» What is needed
All lines from the one that contains "LED Temporary Work" through the close of the entries below are to be repeated exactly, without any pictures.

━━━━━━━━━━

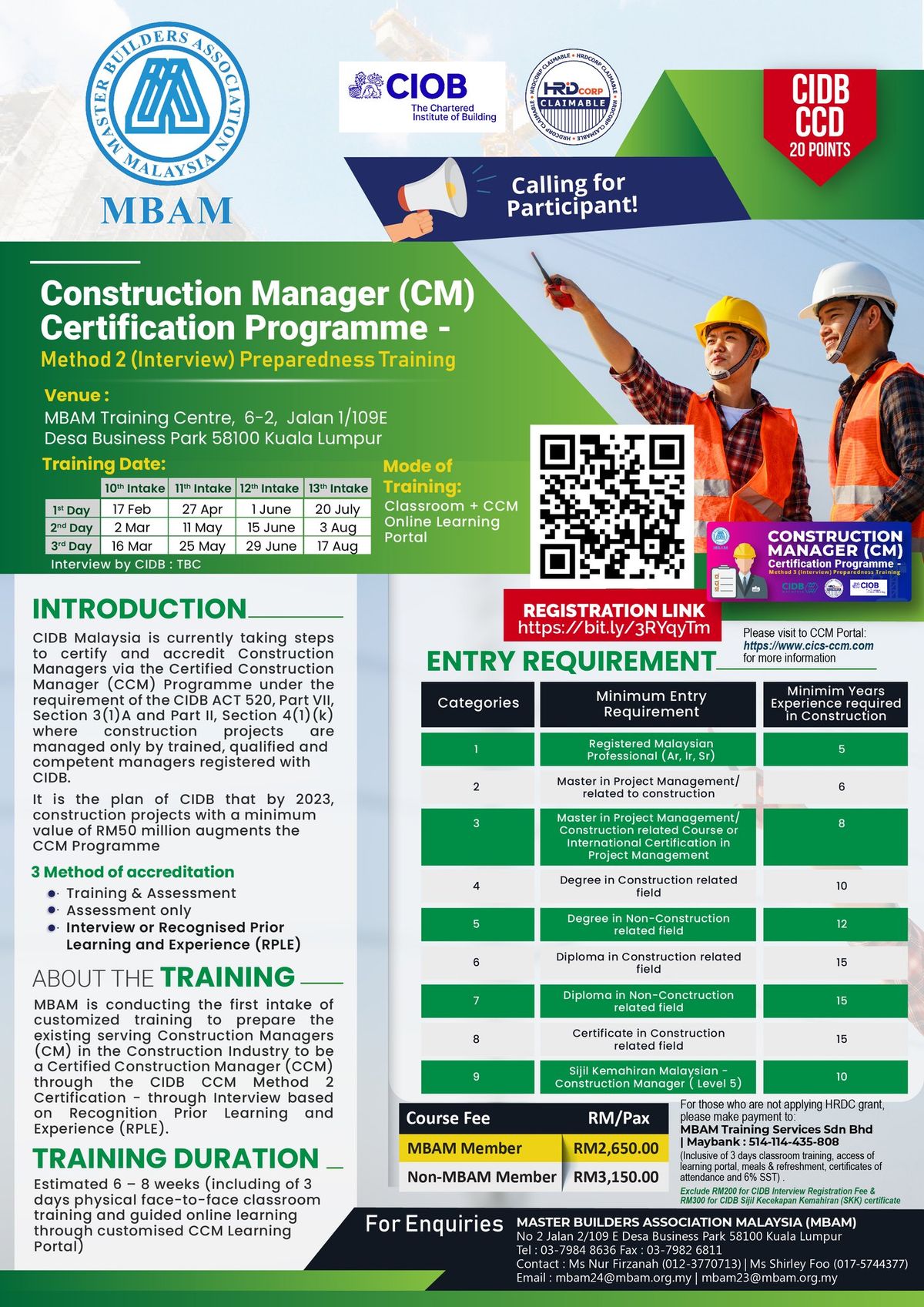 Construction Manager (CM) Certification Programme - 12th Intake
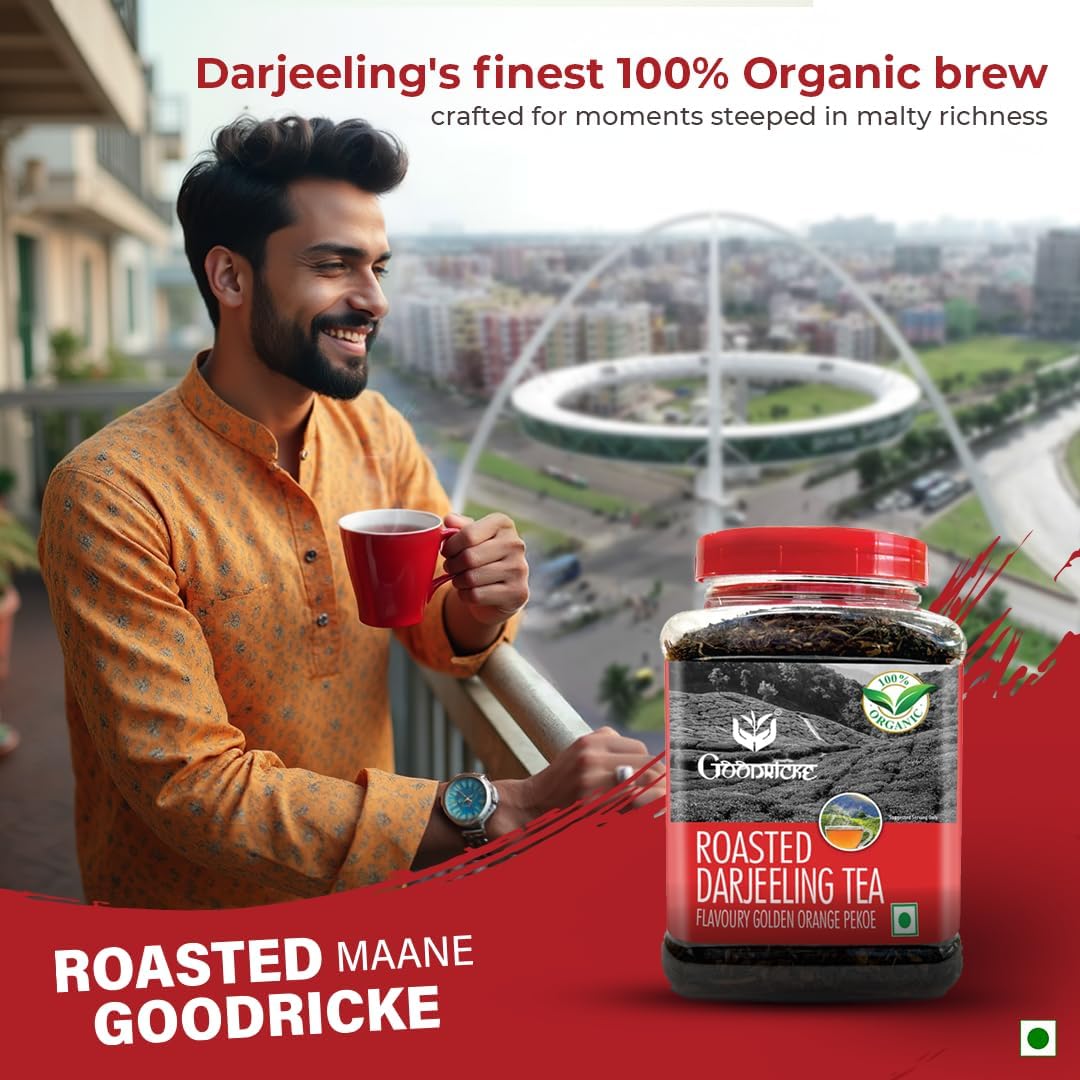 Goodricke Combo Pack Of 2 X 250gm, 8.8 Ounce Each - Roasted Darjeeling Tea & Super Cup Gold Tea | 100% Pure & Original Single Estate Whole Leaf Tea - Low Caffeine Loose Leaves
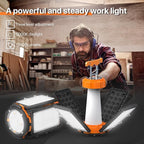 LED Temporary Work Light: 80W 12000LM Led Work Light with Brightness Adjustable Switch, 4 Deformable Panels Portable Construction Light, 5000K Linkable Hanging Work Lamp for Workshop Garage Jobsite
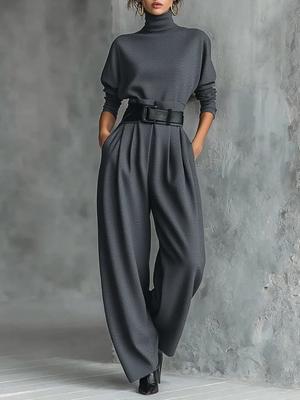 Conjunto Básico Feminino de Manga Longa Cor Sólida para Primavera/Outono com Calças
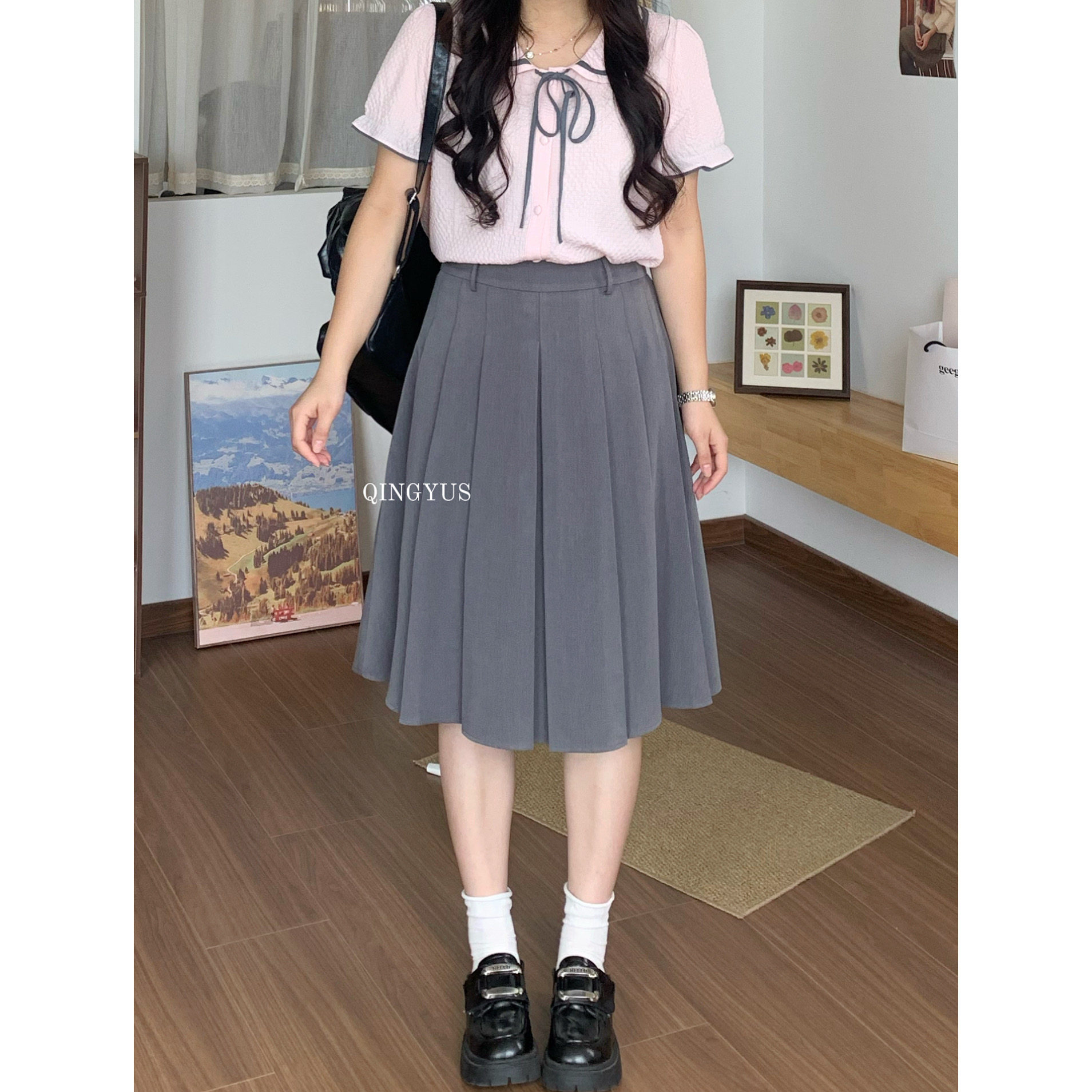 青屿衫-微胖显瘦韩系百搭学院风百褶裙高腰A字中裙子夏季大码女装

━━━━━━━━━━

» Response below
 LED Temporary Work Light: 80W 12000LM Led Work Light with Brightness Adjustable Switch, 4 Deformable Panels Portable Construction Light, 5000K Linkable Hanging Work Lamp for Workshop Garage Jobsite
 Conjunto Básico Feminino de Manga Longa Cor Sólida para Primavera/Outono com Calças
 青屿衫-微胖显瘦韩系百搭学院风百褶裙高腰A字中裙子夏季大码女装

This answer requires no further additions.